A Lotaçor, mais do que as instalações, máquinas e equipamentos, que tem nos seus registos, é as pessoas, quer internas, quer as com que diariamente se relaciona e é com estas e para estas que serão direcionados os eventos a realizar para assinalar esta data tão importante na vida de uma organização.
 
Com a experiência de gestão e do conhecimento que tem da Lotaçor, o que espera da empresa para a próxima década? Que mensagem deixa a todos os elementos que compõem a fileira do pescado nos Açores e o que podem esperar da sua gestão que agora começa como primeira responsável da Lotaçor?
 Este Conselho de Administração quer manifestar apreensão com a situação pandémica atual em que vivemos, mais um forte desafio para a gestão da Lotaçor, com reflexos diretos e indiretos, de constante incerteza para saúde dos seus trabalhadores e familiares e de toda a fileira do pescado, com consequências que poderão ser muito graves para a atividade da empresa, e para a sua situação económico-financeira.
 Por tudo o que referimos nesta entrevista, este é, para nós, um desafio muito aliciante, especialmente, no ano em que a Lotaçor faz 40 anos e para o qual pretende-se que toda a equipa esteja altamente focada e motivada, pois tem muito e perfeito conhecimento de toda a Fileira do Pescado.

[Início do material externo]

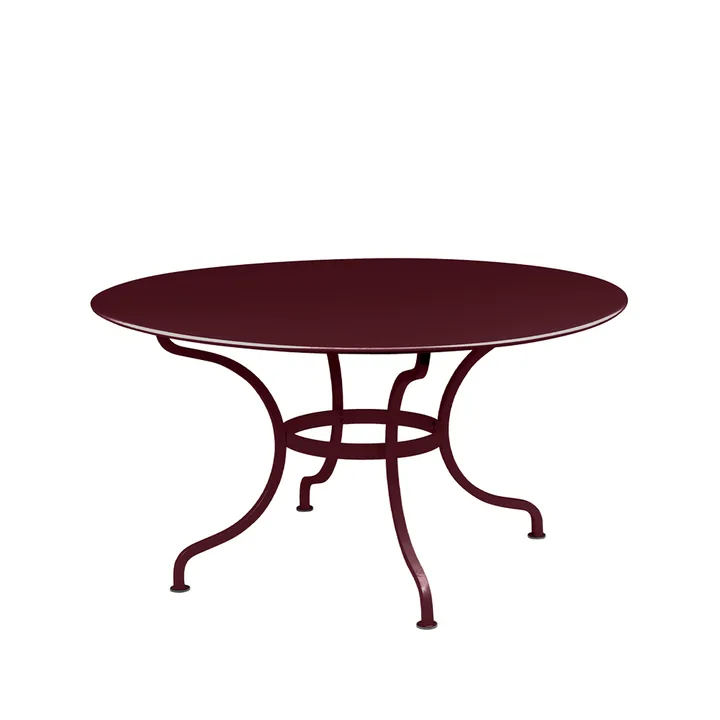 Romane bord runt - Black cherry (vinröd) - Fermob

 Assim, é fundamental no exercício da nossa atividade, atuarmos, diária e constantemente, com o intuito de manter e gerar uma boa saúde financeira, que passará pela resolução do dossier Santa Catarina, as condições para cumprir e solver rigorosamente os compromissos assumidos e garantir capacidade de endividamento, condições base para gerar a confiança quer do acionista quer das entidades parceiras chave, nomeadamente as fontes de financiamento, e fundamentais para conseguir efetuar os investimentos necessários, mas acima de tudo, para cumprir a Missão que nos propusemos.
Na próxima década o que esperamos é que a Lotaçor assuma ainda mais o seu papel central e transversal na Fileira do Pescado dos Açores, ajudando em todo o necessário e fundamental desenvolvimento que a economia do mar tem como potencial.
Todos os trabalhadores, toda Fileira e demais entidades e organizações açorianas podem contar com a cooperação desta Administração para ajudar no desenvolvimento não só da Fileira, mas também dos Açores.
Como mensagem final, podem contar com a Lotaçor todos os dias para ajudar a valorizar mais o Pescado dos Açores.